Alzheimer's disease, the progressive brain disorder that doubles as the leading cause of dementia worldwide, has long been a source of frustration for researchers and a curse for millions. Despite decades of effort and billions in funding, a cure remains elusive. New antibody-based treatments targeting amyloid β (Aβ) have recently appeared, but their benefits have been modest at best. They are also expensive and can trigger immune-related side effects, which is about as helpful as a fire extinguisher that fills the room with smoke.

Enter arginine, a naturally occurring amino acid that is already available as an over-the-counter supplement and costs roughly the same as a mediocre sandwich. A study published in Neurochemistry International by researchers from Kindai University and partner institutions found that arginine can reduce the buildup of harmful Aβ proteins in animal models of Alzheimer's. Arginine also acts as a safe chemical chaperone, helping proteins maintain their proper structure - essentially a hall monitor for molecules.

The team, which included Graduate Student Kanako Fujii and Professor Yoshitaka Nagai from the Department of Neurology at Kindai University Faculty of Medicine in Osaka, along with Associate Professor Toshihide Takeuchi, stressed that the doses and methods used in this study were specifically designed for research and are not the same as commercial products. So please don't start mainlining arginine supplements from your local pharmacy just yet.

In laboratory experiments, the scientists first showed that arginine can block the formation of Aβ42 aggregates, which are considered especially toxic. The effect increased with higher concentrations, because sometimes more really is more. They then tested oral arginine in two well-established Alzheimer's models, and in both cases, arginine treatment reduced the accumulation of Aβ and lessened its harmful effects.

"Our study demonstrates that arginine can suppress Aβ aggregation both in vitro and in vivo," explains Prof. Nagai. "What makes this finding exciting is that arginine is already known to be clinically safe and inexpensive, making it a highly promising candidate for repositioning as a therapeutic option for AD."

In the mouse model, the benefits went beyond reducing protein buildup. Arginine lowered amyloid plaque levels and reduced the amount of insoluble Aβ42 in the brain. Treated mice also performed better in behavioral tests, which probably means they navigated mazes with fewer wrong turns. The researchers found that arginine reduced the activity of genes linked to pro-inflammatory cytokines, which are associated with neuroinflammation - a major feature of Alzheimer's. This suggests that arginine may not only prevent harmful protein aggregation but also protect brain cells more broadly.

"Our findings open up new possibilities for developing arginine-based strategies for neurodegenerative diseases caused by protein misfolding and aggregation," notes Prof. Nagai. "Given its excellent safety profile and low cost, arginine could be rapidly translated to clinical trials for Alzheimer's and potentially other related disorders."

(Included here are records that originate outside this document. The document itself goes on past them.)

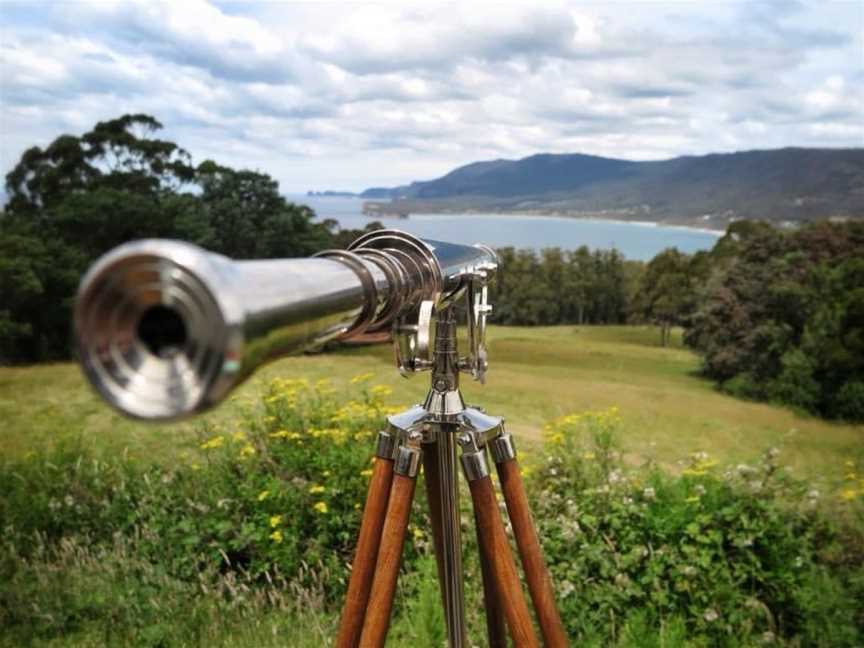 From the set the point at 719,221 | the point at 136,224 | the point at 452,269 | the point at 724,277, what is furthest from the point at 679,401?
the point at 719,221

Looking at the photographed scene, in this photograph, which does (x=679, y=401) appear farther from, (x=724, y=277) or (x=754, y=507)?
(x=754, y=507)

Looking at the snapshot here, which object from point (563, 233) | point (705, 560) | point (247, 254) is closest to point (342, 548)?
point (705, 560)

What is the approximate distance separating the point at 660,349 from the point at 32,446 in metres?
35.2

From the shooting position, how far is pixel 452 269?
148cm

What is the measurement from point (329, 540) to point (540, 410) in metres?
9.62

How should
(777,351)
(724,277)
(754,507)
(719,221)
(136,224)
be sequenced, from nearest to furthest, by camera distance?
(754,507) < (136,224) < (777,351) < (724,277) < (719,221)

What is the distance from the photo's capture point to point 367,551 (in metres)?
1.66

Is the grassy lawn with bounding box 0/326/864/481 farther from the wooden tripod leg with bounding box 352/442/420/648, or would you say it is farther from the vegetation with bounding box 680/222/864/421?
→ the vegetation with bounding box 680/222/864/421

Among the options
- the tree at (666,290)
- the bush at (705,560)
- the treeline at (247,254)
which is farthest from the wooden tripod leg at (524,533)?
the tree at (666,290)

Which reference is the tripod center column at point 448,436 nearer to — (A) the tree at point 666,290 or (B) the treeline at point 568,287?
(A) the tree at point 666,290

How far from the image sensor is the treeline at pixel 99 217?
13.0 meters

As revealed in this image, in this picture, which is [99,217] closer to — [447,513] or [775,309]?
[447,513]

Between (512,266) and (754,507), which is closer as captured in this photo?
(754,507)

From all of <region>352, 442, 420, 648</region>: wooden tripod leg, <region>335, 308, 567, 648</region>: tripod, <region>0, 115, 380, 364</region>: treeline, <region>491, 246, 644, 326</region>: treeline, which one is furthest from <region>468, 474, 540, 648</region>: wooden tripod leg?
<region>491, 246, 644, 326</region>: treeline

The study highlights the growing interest in drug repositioning, which involves finding new uses for existing, well-established compounds. Because arginine is already used clinically in Japan and has been shown to safely reach the brain, it could bypass some of the early hurdles that slow down traditional drug development. Still, the researchers caution that more work is needed. Additional preclinical and clinical studies will be required to determine whether these results can be reproduced in humans and to establish the most effective dosing strategies.

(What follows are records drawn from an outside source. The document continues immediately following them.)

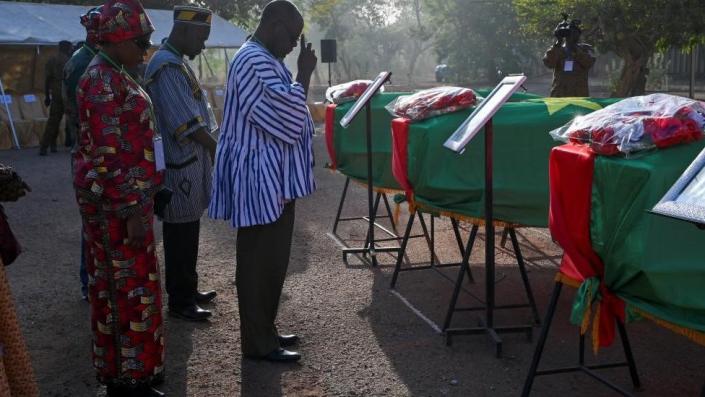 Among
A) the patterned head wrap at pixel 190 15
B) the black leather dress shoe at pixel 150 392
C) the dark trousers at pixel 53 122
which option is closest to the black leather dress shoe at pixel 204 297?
the black leather dress shoe at pixel 150 392

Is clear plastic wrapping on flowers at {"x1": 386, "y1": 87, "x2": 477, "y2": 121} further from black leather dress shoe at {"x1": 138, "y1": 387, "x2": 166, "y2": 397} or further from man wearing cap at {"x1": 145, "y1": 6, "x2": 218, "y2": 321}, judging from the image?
black leather dress shoe at {"x1": 138, "y1": 387, "x2": 166, "y2": 397}

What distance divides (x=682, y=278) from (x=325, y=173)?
8.71 metres

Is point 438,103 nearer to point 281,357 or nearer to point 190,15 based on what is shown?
point 190,15

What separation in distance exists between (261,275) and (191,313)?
1.04 meters

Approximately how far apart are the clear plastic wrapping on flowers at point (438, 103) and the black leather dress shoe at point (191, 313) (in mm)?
1937

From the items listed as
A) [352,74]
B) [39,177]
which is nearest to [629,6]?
[39,177]

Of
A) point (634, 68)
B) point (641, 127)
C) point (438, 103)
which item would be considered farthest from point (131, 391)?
point (634, 68)

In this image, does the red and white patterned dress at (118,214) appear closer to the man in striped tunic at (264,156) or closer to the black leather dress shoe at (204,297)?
the man in striped tunic at (264,156)

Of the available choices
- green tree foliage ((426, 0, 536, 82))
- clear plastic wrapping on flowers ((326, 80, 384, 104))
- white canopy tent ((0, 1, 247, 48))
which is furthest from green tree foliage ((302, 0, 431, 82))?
clear plastic wrapping on flowers ((326, 80, 384, 104))

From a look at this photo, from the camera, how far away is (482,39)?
38219 mm

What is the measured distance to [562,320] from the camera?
4793 millimetres

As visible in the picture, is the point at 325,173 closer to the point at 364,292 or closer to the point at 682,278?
the point at 364,292

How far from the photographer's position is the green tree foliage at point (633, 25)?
15.3 m

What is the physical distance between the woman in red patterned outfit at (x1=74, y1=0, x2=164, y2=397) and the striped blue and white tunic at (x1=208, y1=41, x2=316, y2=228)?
1.63 ft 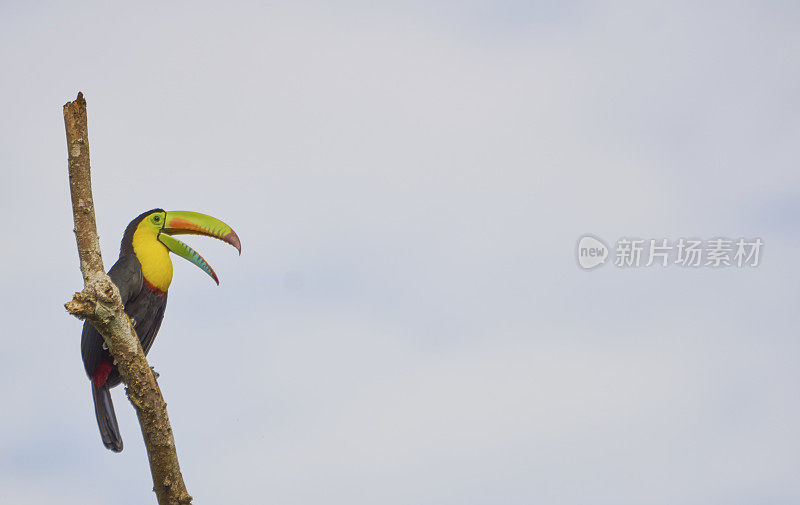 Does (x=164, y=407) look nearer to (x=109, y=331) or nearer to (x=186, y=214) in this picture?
(x=109, y=331)

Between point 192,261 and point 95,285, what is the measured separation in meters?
2.10

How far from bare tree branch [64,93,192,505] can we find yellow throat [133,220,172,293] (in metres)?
Result: 1.75

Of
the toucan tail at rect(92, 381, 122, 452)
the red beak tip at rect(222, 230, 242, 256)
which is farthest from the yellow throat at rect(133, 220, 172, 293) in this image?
the toucan tail at rect(92, 381, 122, 452)

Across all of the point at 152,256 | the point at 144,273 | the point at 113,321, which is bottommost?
the point at 113,321

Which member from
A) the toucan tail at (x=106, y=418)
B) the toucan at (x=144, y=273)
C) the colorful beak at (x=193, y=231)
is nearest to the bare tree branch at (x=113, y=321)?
the toucan tail at (x=106, y=418)

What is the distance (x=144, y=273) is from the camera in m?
6.25

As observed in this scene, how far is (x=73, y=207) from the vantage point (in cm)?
452

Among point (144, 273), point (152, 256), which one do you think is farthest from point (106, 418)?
point (152, 256)

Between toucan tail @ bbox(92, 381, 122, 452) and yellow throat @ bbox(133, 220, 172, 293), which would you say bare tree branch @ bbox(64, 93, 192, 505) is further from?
yellow throat @ bbox(133, 220, 172, 293)

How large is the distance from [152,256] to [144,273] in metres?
0.15

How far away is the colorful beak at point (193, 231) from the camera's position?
6.25 meters

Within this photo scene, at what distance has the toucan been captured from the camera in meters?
6.01

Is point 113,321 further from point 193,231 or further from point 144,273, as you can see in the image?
point 193,231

Even so, the findings provide strong early evidence that simple nutritional or pharmacological approaches may help reduce amyloid buildup and improve brain function. Beyond its potential as a treatment, this work sheds new light on how Aβ proteins form and accumulate in the brain. It also points to a practical and cost-effective strategy that could eventually benefit millions of people living with Alzheimer's worldwide.

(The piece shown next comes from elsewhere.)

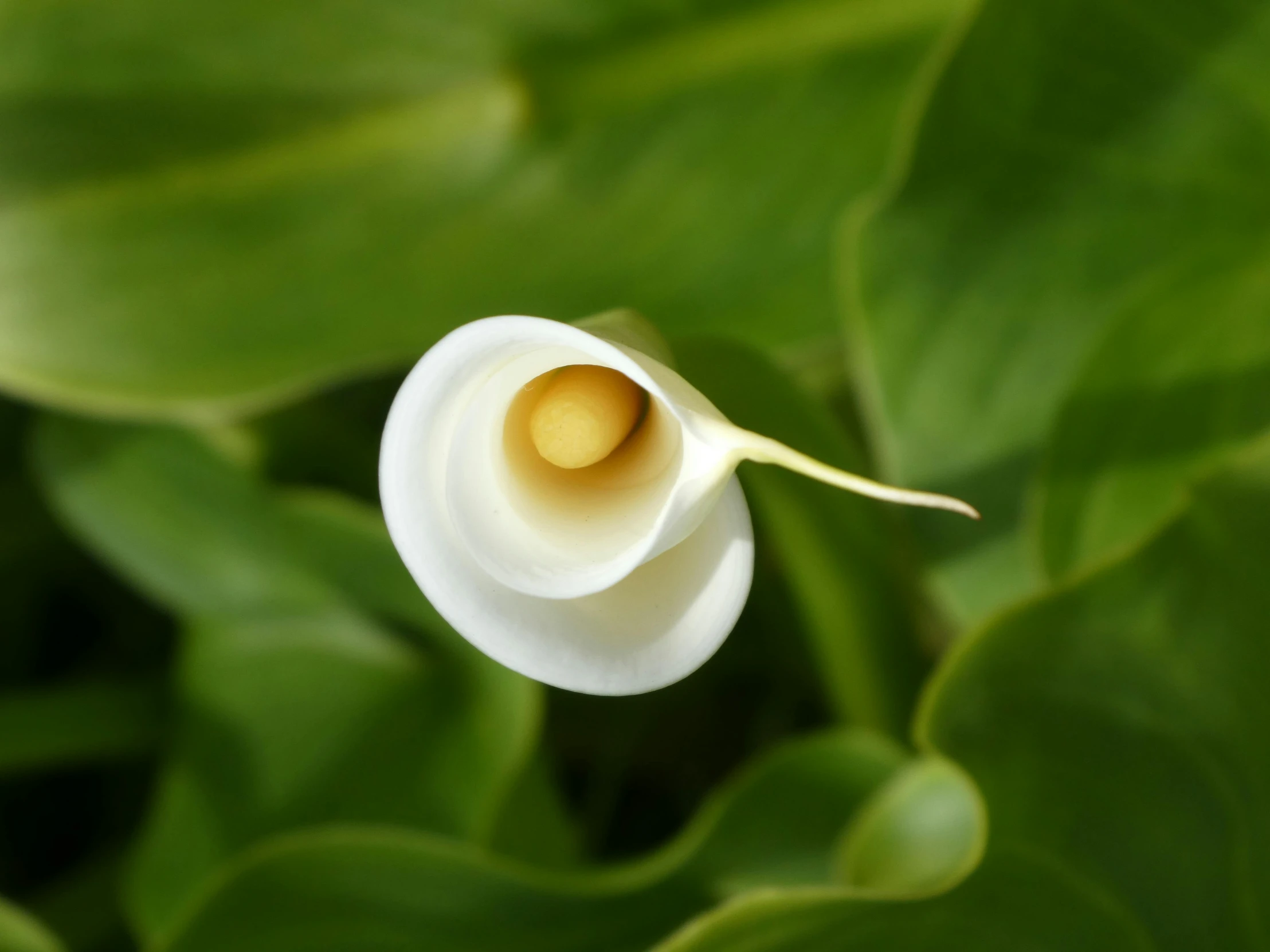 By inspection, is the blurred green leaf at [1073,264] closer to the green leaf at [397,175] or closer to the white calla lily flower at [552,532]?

Professor Yoshitaka Nagai, a neurologist and Chair of the Department of Neurology at Kindai University Faculty of Medicine in Osaka, focuses his research on neurodegenerative diseases including Alzheimer's, Parkinson's, and amyotrophic lateral sclerosis. His work centers on protein misfolding and RNA-related mechanisms, and he has received multiple honors from organizations such as the Japanese Society of Neurochemistry and the Japanese Dementia Society.

This research was supported by the Ministry of Education, Culture, Sports, Science, and Technology (MEXT) (Grant No. 20H05927), Japan Society for the Promotion of Science (JSPS) (Grant Nos. 24H00630, 21H02840, 22H02792, and 25K02432), Japan Science and Technology Agency (JST) Super-Highway Program (SHW2023-03), and National Center of Neurology and Psychiatry.